| Prompt |
Apart from the images, every record below must be given again without alteration.

| Entries supplied |
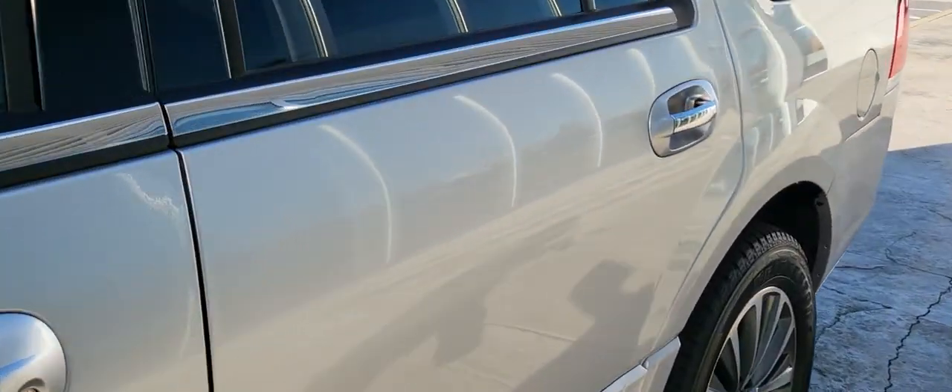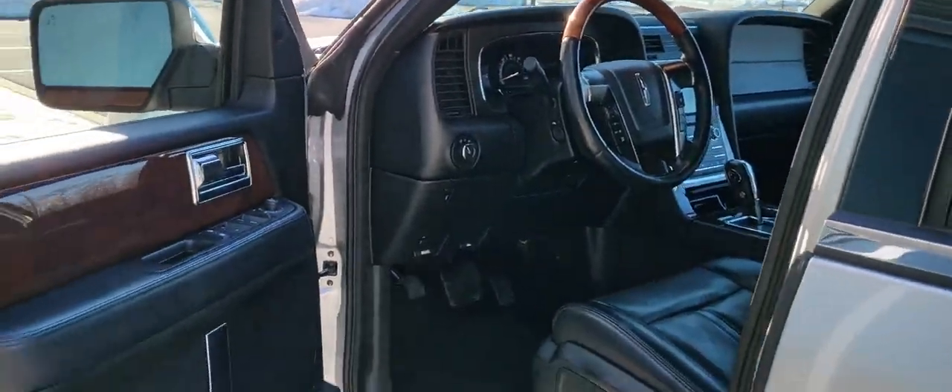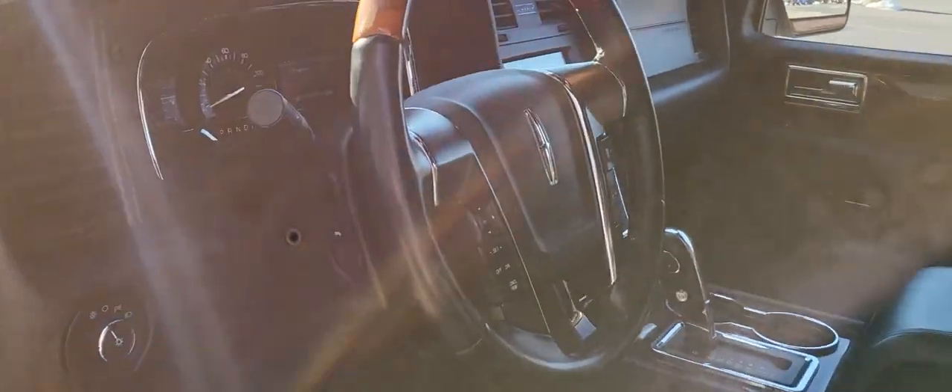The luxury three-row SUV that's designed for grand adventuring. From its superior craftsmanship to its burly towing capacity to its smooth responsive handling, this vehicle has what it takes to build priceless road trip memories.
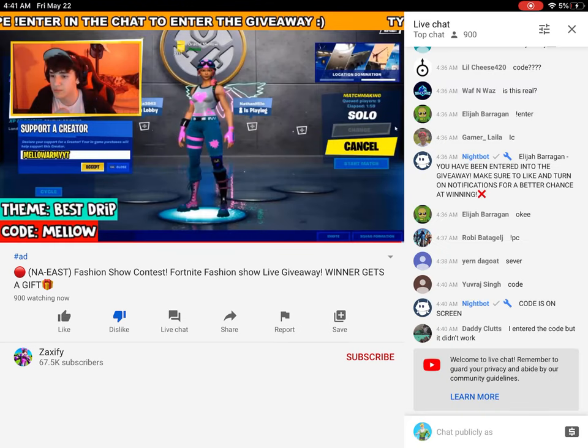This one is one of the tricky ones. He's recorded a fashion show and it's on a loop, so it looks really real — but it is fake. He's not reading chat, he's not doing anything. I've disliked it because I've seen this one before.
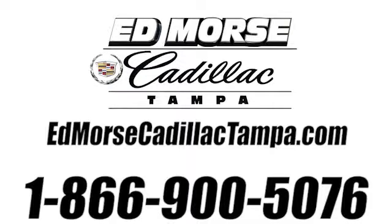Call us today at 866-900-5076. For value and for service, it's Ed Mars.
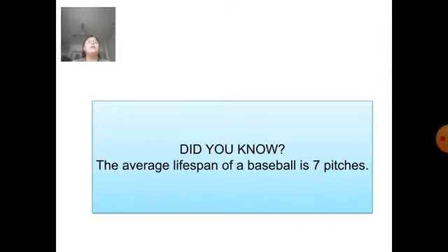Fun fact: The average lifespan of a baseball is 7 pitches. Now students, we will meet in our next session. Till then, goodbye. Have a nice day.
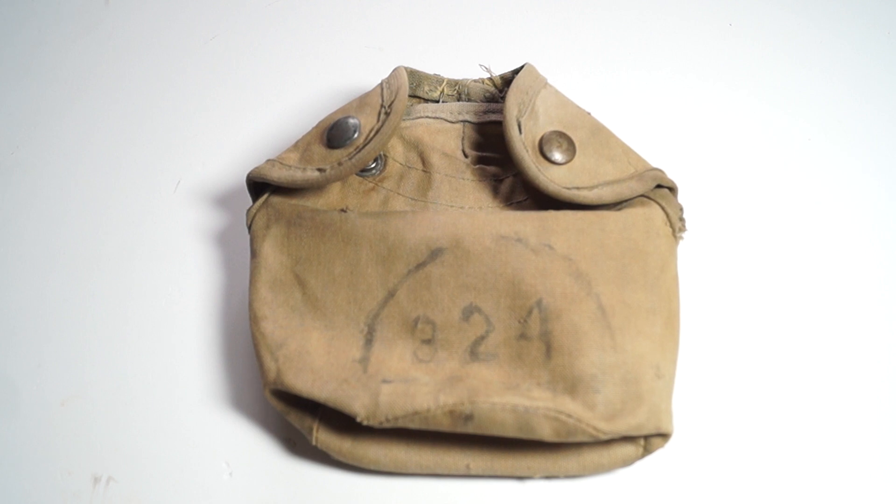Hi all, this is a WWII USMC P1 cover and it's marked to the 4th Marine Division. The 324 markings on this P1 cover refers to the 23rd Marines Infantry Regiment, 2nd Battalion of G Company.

| Solution for this exercise |
The luxury three-row SUV that's designed for grand adventuring. From its superior craftsmanship to its burly towing capacity to its smooth responsive handling, this vehicle has what it takes to build priceless road trip memories.
This one is one of the tricky ones. He's recorded a fashion show and it's on a loop, so it looks really real — but it is fake. He's not reading chat, he's not doing anything. I've disliked it because I've seen this one before.
Call us today at 866-900-5076. For value and for service, it's Ed Mars.
Fun fact: The average lifespan of a baseball is 7 pitches. Now students, we will meet in our next session. Till then, goodbye. Have a nice day.
Hi all, this is a WWII USMC P1 cover and it's marked to the 4th Marine Division. The 324 markings on this P1 cover refers to the 23rd Marines Infantry Regiment, 2nd Battalion of G Company.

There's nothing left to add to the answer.